Atoms and Atomic Structure

Definition and Properties of Atoms

Atoms are the smallest units of matter that retain the properties of an element. They are composed of subatomic particles and are the building blocks of all matter.

• Subatomic particles include protons, neutrons, and electrons.

• Protons have a mass of 1 and a positive charge.

• Neutrons have a mass of 1 and no charge.

• Electrons have negligible mass and a negative charge.

Elements and the Periodic Table

• 92 elements occur naturally.

• Elements are composed of atoms with unique properties.

• Atoms are organized in the periodic table by their properties.

• Six elements (C, H, N, O, P, S) are fundamental to living organisms.

Atomic Neutrality

• Atoms are electrically neutral because the number of protons equals the number of electrons.

Isotopes

Isotopes are atoms of the same element with the same number of protons but different numbers of neutrons.
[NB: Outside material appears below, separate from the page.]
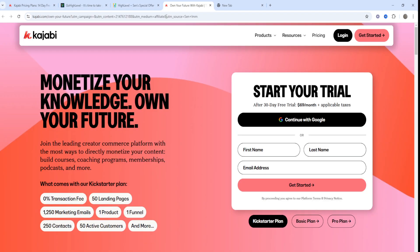In terms of Kajabi's pros: it's optimized for course creation and digital product sales, offers a simple and intuitive user experience — much less overwhelming than GoHighLevel — and it integrates well with email and funnel creation specifically for selling content.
• Most elements have several isotopes; most are stable.

• Some isotopes have special names (e.g., hydrogen isotopes: 1H, 2H, 3H).

• Example: Carbon has isotopes 12C (6 neutrons), 13C (7 neutrons), 14C (8 neutrons).

Electrons and Chemical Behavior

• Electrons are located in orbitals arranged in shells around the nucleus.

• The outermost shell (valence shell) determines how atoms interact and bond.

• Atoms are most stable when their outermost shell is full (octet rule: 8 electrons).

• Reactive atoms have unpaired electrons in their valence shell.

• The energy level of each shell increases with distance from the nucleus.

Elements, Molecules, and Compounds

Definitions

• Element: A pure substance containing only one kind of atom.

• Molecule: An electrically neutral group of two or more atoms held together by chemical bonds (e.g., O2).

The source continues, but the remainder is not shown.